Что же касается второго тезиса о неприменимости научных методов к истории, то ещё до позитивного ответа на первый вопрос Воланд излагает положения программной статьи Иммануила Канта, посвящённой как раз этому – о возможности «научной истории». Я уже цитировал этот пассаж. Кант утверждает принципиальную возможность и необходимость создания такой же фундаментальной теории в исторической науке, какую Кеплер и Ньютон создали для движения физических тел. Положительно, стоит привести ещё одну цитату из статьи, о которой Воланд стремится сообщить, едва оказавшись на улицах Москвы: «Не правда ли, странным и, по видимости, нелепым намерением кажется попытка составить Историю согласно идее о том, каким должен бы быть мировой ход вещей, если бы он осуществлялся сообразно определенным разумным целям; кажется, что в соответствии с таким замыслом мог бы появиться только Роман.» /И.Кант, «Идея всеобщей истории во всемирно-гражданском плане»/
Похоже, что в первой главе Романа, плавно переходящей в «роман о Понтии Пилате» Булгаков с помощью Воланда осуществил обмен мнениями между А.Франсом и И.Кантом. При этом автор эссе о Понтии Пилате оказывается и прав, и не прав одновременно. Действительно, подлинно научное познание истории, в смысле точной реконструкции исторических событий, невозможно до тех пор, пока не будет создана чаемая Кантом фундаментальная теория.

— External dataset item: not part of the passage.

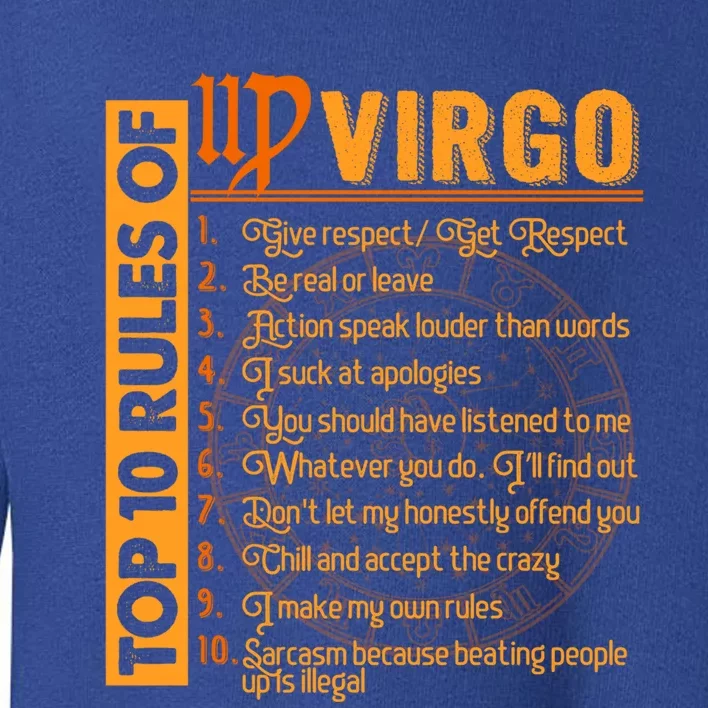 Top 10 Rules Virgo Symbols Horoscope Zodiac Sign Astrologer Meaningful Gift Toddler Sweatshirt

Заметим, что Кант связывает с появлением такой фундаментальной теории достижение человечеством зрелости – всемирно-гражданского состояния. Причём на пути к этому идеалу должны произойти революции. А между тем, как мы уже выяснили, всё творчество Булгакова – это поиск верной позиции, самоопределение по отношению к Русской революции. Поэтому статья Канта, если уж попалась на глаза Булгакова, не могла не вызвать его глубокого интереса. Ведь по Канту получается, что революция – это необходимое зло, которое необходимо пережить и преодолеть для достижения идеального состояния. Чтобы убедиться в том, что Булгакова эти мысли Канта действительно взволновали до глубины души, ещё раз перечитайте вышеприведенную цитату. Обратите внимание на два слова, выделенные самим Кантом. А теперь ответьте не на вопрос: «О чём этот Роман?», а на более простой: «О ком?». Ответ ясен – это роман об Историке, написавшем Роман.
Но как нам ответить на вопрос «О чём?». Может быть, есть смысл вернуться к самому началу работы Автора над Романом? Ведь, начиная какую-нибудь книгу, писатель всегда следует какому-то первому импульсу. Что-то должно было подтолкнуть Булгакова к написанию именно такого Романа?
Биографические, библиографические и архивные данные дают достаточно простой ответ на этот вопрос. Легко выяснить, что в 1923 году в том же томе альманаха «Возрождение», в котором была напечатана повесть Булгакова «Записки на манжетах» была опубликована повесть Э.Миндлина, с которым Булгаков вместе работал в редакции «Накануне». Повесть называлась «Возвращение доктора Фауста». Сюжет повести прямо заимствован у Гёте, но герой, доктор химии из Москвы Фауст, перенесён в текущее время, как и иностранный профессор К.Х.Мефистофель из Праги.
Подсказанный коллегой сюжет осовремененного Фауста лёг в основу булгаковского замысла. В самой ранней редакции Романа героя зовут похоже, хотя и смешно – Феся. Новый Мефистофель, который у Гёте имел ещё одно имя – Фоланд, тоже звучит лишь чуть иначе – Воланд. Похоже, но всё же не так! По ходу работы над книгой Булгаков всё дальше уходит не только от смешливого отношения. Изначальное сходство Фауста и героя, Фоланда и Воланда, Гретхен и Маргариты – становится не столь очевидным, как и отношения в этом треугольнике, заимствованном у Гёте.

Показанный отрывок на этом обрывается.